Hi Kooperanunkii, hi Thomas,

On Wednesday 18 September 2002 16:14, Thomas Berker wrote:
Aber erstmal nochmal zurueck zum Ausgangspunkt: Was ist eigentlich so
fies an Dualismen?

Schöne Frage, aber leider antwortest du darauf nicht. Oder ich kapiere es 
nicht, oder ich verstehe dich total miss.

Ok, sie verschleiern Realitaet, indem sie vereinfachen.

Das ist IMHO überhaupt nicht das Problem. Denn, wie du ja selbst 
schreibst:

Das gilt
allerdings auch fuer die meisten (ganz und gar undualistischen)
Metaphern oder auch fuer multidimensionale Modelle, also im Grunde alle
abstrakten Repraesentationen der Welt.

Nicht nur "im Grunde", sondern es gilt für alle "abstrakten 
Repräsentationen" der Welt, für alle Begriffe - verstanden eben als von 
der Sinnlichkeit der Dinge abstrahierenden Symbolbedeutungen in 
Sprachform (es gibt noch anderen Formen...). Aber "abstrakt" verwirrt 
hier, denn es klingt wie "unsinnlich". Das trifft aber nicht zu, denn für 
uns haben die sprachlichen Symbole eine Form von Sinnlichkeit gewonnen, 
weil sie die Bedeutungen der Realität - unterschiedlich gut - abzubilden 
vermögen. Das ist eine sehr praktische Angelegenheit.

Also: von der Sinnlichkeit der realweltlichen Gegenstände wird abgesehen 
(abstrahiert), dennoch sind sie, die Begriffe, für uns sinnliche, 
bedeutungsvolle Entitäten, weil wir mit ihnen die Welt denkend 
strukturieren. Und das können sind sie nur, weil sie auch wirklich - und 
nicht per Verabredung oder Willkür - die Realität widerspiegeln.

Noch anders: Es gibt überhaupt keinen anderen Zugang zur Welt als über 
diese von mir beschriebene Praxis, dessen Bestandteil die sinnliche 
Wahrnehmung (Denken und Fühlen) ist. Es gibt keinen anderen, etwa 
"direkten" Zugang zur "Realität" als den über unser Handeln.

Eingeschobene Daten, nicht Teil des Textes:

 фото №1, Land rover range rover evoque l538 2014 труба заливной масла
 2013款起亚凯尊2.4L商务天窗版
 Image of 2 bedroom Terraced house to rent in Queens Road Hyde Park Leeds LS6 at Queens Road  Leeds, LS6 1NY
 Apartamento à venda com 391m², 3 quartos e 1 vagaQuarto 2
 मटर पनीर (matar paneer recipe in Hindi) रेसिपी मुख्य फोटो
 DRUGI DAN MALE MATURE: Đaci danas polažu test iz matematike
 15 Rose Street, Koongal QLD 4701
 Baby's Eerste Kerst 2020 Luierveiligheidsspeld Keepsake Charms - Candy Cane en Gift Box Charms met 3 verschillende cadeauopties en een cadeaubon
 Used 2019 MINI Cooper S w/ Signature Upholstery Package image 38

Und diese ermoeglichen uns
andererseits, Realitaet zu be'greifen'. Realitaet (als paramount
reality) wuerde uns unentwegt ueberwaeltigen,

Nein, denn das würde implizieren, wir hätten eine "paramount Praxis", in 
der wir sozusagen "gleichzeitig" an allen Orten und Dimensionen tätig 
sind. Schon physisch haben ist uns immer nur ein Ausschnitt der Welt 
"zugewandt". Und aus diesem Ausschnitt sondern wir - jeweils individuell 
völlig unterschiedlich - die je individuell bedeutsamen Dinge aus.

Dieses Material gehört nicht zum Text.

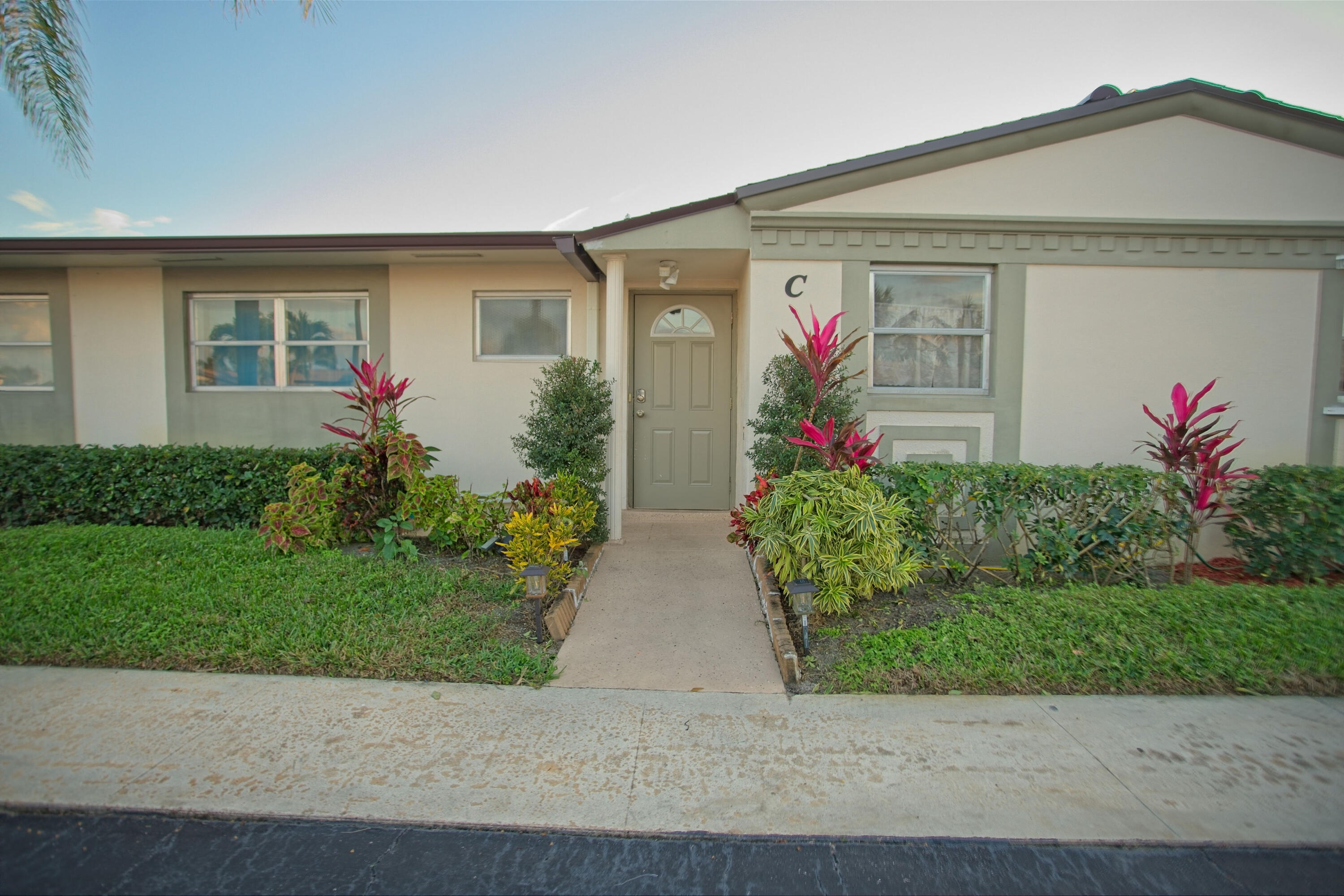 a front view of house with yard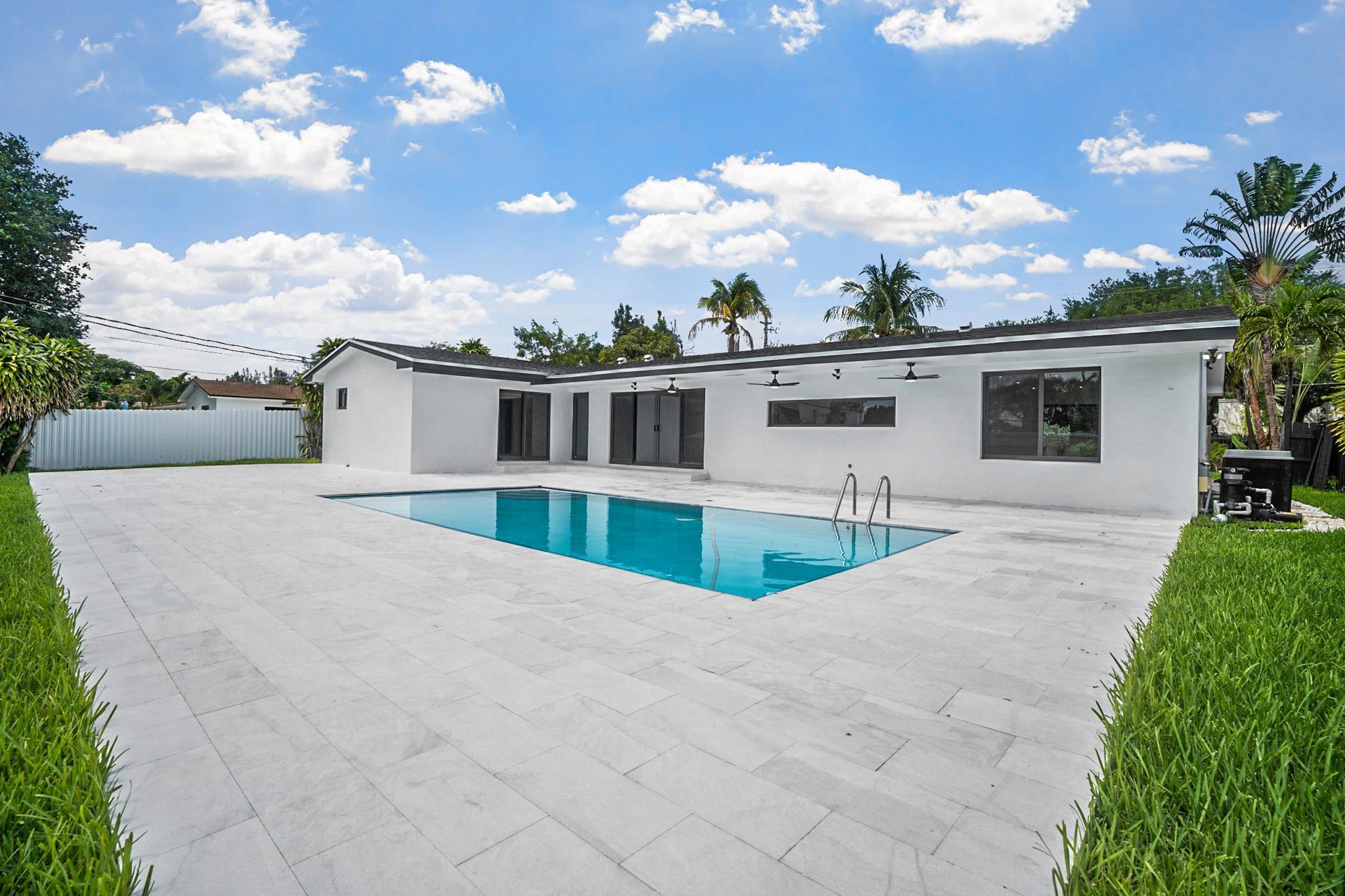 SKYLAKE MANORS - Residential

Für mich klingt es völlig komisch, etwas, was wir sowieso immer so tun, 
weil es auch gar nicht anders geht, "Vereinfachung" zu nennen. Ich würde 
es einfach Praxis nennen. Wie will ich messen, ob diese für je mich 
"einfach" oder "kompliziert" ist? Von welchem Standpunkt aus??

wenn wir sie nicht
zuweilen (miss)verstehen wuerden als unsere kleine Welt, in der alles
griffbereit an seinem Platz liegt.

IMHO ist das kein Missverstehen, sondern das ist schlicht immer so. 
Niemandem ist die große Welt irgendwie "auf einmal" und "unmittelbar" 
zugänglich.

Was man greifen kann, kann man
umbauen, bewegen, kann man verwerfen. Damit sind Dualismen immer auch
maechtige politische Werkzeuge. Die Geschichte v.a. des 20.
Jahrhunderts zeigt das in all seiner Grausligkeit. Da wurden Millionen
von Menschen bewegt und verworfen. Die Welt mit dem Dualismus in
Einklang zu bringen, da steckt ein Haufen gewalttaetiger Zurichtung.

Warum sind gerade Dualismen mächtige politische Werkzeuge? Sind das nicht 
auch ganz und gar undualistische Begriffe?

Ich stimme Jobst gleichwohl zu, dass eine Gegnerschaft zu zentralen
Dualismen sich selbst hinterfragen kann: Wird ein Modell zwingend
dadurch besser (demokratischer, menschlicher, wahrer), dass es
komplexer ist als ein Dualismus?

Die Frage verstehe ich nicht. Wieder: Was hat das mit "Dualismus" zu tun? 
Und: Was heisst "komplexer"? Wer bestimmt das, nach welchem Maß?

Ja und nein. Im Einklang mit Jobst
glaube ich, dass das komplexere Modell tendenziell mehr Einsicht bringt
und weniger Handlungsmoeglichkeiten.

Das verstehe ich nun schon völlig überhaupt nicht mehr. Mehr Einsicht, 
aber weniger Handlungsmöglichkeit?

Insofern waere die Antwort: Ein
Modell der Realitaet sollte so komplex wie moeglich sein und so einfach
wie noetig. Und manchmal sind vielleicht sogar Dualismen (so
dumm-einfach sie immer sind) genau das. Und oft ist gar kein Modell
noetig, weil sich das schon irgendwie ordnet.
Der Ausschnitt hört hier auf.